[Scraped caption text data]
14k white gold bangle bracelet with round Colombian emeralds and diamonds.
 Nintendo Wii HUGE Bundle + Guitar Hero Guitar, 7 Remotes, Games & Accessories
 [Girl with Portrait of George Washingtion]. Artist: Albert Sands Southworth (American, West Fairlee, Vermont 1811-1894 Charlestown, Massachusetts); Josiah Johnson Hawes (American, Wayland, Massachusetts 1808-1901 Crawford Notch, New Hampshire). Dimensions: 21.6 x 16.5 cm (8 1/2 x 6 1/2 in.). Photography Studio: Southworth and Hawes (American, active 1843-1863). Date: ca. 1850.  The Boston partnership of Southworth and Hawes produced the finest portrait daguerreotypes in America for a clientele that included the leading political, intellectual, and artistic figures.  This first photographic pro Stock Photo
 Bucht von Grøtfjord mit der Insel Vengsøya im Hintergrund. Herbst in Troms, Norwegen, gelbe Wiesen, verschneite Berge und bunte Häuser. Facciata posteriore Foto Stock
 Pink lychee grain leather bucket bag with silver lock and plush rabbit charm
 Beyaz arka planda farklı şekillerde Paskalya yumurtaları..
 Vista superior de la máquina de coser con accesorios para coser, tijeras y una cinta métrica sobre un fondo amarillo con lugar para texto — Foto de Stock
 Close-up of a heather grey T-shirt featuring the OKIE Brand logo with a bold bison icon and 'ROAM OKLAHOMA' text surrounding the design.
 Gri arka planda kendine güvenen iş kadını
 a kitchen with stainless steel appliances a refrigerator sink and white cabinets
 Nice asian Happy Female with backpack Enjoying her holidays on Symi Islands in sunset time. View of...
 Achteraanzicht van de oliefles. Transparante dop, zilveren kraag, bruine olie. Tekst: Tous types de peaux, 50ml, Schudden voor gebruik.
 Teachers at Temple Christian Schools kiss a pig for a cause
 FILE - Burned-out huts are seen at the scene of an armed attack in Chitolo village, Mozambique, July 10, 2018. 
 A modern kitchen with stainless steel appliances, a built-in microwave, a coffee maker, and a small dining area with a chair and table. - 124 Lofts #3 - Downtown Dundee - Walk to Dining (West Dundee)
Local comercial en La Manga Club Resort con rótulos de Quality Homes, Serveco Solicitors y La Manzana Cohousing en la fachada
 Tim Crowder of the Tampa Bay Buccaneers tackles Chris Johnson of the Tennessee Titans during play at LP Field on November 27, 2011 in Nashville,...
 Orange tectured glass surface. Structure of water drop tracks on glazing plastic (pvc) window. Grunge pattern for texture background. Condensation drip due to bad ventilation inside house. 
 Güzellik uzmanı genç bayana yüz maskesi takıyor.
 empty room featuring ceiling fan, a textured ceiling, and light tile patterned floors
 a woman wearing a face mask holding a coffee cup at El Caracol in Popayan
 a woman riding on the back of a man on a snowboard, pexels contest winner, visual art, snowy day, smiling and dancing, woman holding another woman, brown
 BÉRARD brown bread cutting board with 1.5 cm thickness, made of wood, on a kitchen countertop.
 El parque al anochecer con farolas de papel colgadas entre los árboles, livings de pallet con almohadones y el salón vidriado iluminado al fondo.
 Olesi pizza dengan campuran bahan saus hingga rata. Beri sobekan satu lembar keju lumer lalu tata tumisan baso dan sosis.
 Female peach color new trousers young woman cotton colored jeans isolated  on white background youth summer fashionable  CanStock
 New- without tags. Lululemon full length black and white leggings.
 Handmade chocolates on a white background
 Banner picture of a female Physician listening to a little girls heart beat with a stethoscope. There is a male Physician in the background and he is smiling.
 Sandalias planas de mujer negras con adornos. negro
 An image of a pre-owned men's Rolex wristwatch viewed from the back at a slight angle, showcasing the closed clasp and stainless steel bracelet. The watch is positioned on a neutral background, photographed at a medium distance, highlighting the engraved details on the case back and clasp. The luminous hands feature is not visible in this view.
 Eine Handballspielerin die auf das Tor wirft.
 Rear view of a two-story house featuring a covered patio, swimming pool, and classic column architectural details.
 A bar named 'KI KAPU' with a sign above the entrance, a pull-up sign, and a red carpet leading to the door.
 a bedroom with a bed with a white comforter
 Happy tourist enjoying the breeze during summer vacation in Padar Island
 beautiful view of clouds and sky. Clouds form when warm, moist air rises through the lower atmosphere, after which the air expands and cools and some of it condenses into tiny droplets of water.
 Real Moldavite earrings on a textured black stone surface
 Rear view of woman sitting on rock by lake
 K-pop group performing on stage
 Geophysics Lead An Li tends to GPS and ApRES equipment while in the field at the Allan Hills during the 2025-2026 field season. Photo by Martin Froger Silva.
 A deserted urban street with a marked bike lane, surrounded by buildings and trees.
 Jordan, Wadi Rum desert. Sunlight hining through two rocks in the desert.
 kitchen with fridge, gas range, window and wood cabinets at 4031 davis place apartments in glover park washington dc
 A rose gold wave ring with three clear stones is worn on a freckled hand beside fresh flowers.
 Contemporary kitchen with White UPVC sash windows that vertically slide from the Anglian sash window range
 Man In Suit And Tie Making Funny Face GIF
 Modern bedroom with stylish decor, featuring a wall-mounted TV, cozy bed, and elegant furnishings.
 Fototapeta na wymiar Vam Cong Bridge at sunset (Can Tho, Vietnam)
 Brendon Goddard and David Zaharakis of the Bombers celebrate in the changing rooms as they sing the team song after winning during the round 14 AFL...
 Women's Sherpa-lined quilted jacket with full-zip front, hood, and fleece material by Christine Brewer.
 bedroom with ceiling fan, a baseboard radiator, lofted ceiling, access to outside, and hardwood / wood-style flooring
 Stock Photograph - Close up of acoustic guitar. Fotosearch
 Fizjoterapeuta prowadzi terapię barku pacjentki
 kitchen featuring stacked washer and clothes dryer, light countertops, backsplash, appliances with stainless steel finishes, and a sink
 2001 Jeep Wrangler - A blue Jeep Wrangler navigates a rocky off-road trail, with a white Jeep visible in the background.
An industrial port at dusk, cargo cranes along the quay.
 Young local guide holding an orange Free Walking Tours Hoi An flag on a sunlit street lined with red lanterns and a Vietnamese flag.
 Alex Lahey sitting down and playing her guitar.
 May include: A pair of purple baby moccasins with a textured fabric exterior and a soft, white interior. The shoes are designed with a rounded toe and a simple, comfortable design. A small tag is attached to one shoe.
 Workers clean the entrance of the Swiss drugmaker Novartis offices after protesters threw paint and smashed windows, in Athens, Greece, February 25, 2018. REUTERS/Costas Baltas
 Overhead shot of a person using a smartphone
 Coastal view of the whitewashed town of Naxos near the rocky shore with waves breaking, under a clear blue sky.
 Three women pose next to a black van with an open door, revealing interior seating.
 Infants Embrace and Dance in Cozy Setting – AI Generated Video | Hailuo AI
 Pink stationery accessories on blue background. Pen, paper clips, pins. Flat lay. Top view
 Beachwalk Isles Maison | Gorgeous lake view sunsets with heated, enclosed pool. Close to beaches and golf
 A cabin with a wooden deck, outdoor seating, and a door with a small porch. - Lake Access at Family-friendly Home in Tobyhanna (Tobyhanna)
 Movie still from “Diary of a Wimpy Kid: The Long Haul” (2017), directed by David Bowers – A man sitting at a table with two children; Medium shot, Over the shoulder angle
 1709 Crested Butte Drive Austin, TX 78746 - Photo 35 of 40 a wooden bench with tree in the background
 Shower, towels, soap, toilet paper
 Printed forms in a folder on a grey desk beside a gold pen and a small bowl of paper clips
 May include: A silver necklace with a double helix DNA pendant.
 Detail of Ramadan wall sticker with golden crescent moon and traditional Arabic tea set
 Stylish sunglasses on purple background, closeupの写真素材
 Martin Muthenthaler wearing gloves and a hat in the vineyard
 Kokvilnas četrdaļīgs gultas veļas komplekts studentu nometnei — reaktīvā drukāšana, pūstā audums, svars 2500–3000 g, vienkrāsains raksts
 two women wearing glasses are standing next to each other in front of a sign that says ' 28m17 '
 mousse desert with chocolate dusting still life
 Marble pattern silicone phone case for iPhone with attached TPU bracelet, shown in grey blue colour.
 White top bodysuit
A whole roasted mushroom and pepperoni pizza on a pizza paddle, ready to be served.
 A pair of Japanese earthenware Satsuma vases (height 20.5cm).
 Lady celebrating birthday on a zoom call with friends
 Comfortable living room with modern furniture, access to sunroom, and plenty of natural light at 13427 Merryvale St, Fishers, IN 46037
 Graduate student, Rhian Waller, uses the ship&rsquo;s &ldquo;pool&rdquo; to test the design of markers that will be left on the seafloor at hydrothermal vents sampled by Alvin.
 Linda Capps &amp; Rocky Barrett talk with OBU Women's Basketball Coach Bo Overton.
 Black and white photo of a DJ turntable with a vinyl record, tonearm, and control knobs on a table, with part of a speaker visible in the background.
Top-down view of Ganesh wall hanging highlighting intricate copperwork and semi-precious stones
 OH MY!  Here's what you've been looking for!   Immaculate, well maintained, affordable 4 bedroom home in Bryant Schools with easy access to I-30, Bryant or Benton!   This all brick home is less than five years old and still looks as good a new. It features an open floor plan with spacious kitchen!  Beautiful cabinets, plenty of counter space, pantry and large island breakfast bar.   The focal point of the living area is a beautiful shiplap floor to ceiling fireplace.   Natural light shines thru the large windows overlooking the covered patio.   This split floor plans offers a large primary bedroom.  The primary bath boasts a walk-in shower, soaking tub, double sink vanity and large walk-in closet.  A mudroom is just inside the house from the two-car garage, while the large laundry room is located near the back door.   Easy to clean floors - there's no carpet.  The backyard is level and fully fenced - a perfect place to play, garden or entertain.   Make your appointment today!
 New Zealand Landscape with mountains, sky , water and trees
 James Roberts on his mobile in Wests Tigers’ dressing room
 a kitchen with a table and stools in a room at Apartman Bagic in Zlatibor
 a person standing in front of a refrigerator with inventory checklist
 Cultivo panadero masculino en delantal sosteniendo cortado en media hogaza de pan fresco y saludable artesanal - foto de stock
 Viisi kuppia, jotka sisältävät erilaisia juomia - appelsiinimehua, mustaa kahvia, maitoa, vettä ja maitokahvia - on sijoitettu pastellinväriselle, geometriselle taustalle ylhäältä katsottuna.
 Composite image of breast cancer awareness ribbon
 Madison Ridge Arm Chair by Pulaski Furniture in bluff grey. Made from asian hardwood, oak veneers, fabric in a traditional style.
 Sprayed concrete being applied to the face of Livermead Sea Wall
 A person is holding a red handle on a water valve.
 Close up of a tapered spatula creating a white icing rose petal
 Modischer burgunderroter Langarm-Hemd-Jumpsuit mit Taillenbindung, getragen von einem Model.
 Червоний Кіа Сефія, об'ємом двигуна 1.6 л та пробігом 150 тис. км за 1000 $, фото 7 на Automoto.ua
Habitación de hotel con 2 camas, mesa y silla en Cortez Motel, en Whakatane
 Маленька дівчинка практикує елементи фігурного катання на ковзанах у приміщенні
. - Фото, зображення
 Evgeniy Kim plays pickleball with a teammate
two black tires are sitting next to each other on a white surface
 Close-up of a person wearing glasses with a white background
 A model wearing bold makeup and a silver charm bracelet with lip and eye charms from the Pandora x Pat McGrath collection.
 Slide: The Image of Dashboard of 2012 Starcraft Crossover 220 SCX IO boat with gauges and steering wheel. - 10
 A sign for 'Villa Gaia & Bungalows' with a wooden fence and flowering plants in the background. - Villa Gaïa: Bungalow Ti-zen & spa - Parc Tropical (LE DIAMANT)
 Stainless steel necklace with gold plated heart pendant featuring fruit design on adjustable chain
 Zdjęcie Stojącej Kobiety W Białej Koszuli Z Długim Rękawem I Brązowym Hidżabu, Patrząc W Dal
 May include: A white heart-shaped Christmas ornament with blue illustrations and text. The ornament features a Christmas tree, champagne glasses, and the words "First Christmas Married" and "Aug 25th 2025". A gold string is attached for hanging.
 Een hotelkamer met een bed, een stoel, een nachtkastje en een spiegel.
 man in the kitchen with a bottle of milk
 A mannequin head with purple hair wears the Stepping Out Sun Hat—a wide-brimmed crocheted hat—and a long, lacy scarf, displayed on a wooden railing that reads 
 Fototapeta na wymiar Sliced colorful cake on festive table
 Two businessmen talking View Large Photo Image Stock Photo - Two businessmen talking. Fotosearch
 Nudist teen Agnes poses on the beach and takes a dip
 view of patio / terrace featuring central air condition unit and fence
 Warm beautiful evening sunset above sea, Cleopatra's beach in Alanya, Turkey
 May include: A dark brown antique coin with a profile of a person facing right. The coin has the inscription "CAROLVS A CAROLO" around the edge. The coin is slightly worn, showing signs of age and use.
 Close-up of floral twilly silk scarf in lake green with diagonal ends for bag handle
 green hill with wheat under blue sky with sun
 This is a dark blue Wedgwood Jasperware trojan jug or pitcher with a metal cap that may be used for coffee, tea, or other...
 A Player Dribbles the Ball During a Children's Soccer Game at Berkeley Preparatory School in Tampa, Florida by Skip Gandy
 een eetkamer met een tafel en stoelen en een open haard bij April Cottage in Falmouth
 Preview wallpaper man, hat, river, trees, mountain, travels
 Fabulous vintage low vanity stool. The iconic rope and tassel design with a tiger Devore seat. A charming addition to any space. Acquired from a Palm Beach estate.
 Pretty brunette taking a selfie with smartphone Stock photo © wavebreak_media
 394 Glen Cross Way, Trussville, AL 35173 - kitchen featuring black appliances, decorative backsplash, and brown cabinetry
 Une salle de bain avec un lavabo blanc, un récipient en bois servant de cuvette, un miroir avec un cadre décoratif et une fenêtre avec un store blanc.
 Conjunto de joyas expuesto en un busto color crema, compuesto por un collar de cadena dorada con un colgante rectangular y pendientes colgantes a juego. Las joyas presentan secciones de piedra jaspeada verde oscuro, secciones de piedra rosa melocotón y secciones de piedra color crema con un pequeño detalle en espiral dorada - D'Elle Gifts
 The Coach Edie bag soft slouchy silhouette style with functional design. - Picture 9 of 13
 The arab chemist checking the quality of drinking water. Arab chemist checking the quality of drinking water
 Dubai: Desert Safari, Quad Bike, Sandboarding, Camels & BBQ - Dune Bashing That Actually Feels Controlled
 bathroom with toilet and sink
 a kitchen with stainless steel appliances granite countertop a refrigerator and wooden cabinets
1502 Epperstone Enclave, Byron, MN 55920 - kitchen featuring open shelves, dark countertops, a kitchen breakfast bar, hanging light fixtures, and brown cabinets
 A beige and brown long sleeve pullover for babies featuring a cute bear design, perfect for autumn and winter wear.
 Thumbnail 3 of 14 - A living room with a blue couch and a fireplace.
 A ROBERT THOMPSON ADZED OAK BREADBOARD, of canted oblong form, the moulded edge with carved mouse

- _Work required_
From the records above, copy out the line with "kitchen with fridge, gas", the line with "A rose gold", and every line between them, word for word.

- _Response box_
 kitchen with fridge, gas range, window and wood cabinets at 4031 davis place apartments in glover park washington dc
 A rose gold wave ring with three clear stones is worn on a freckled hand beside fresh flowers.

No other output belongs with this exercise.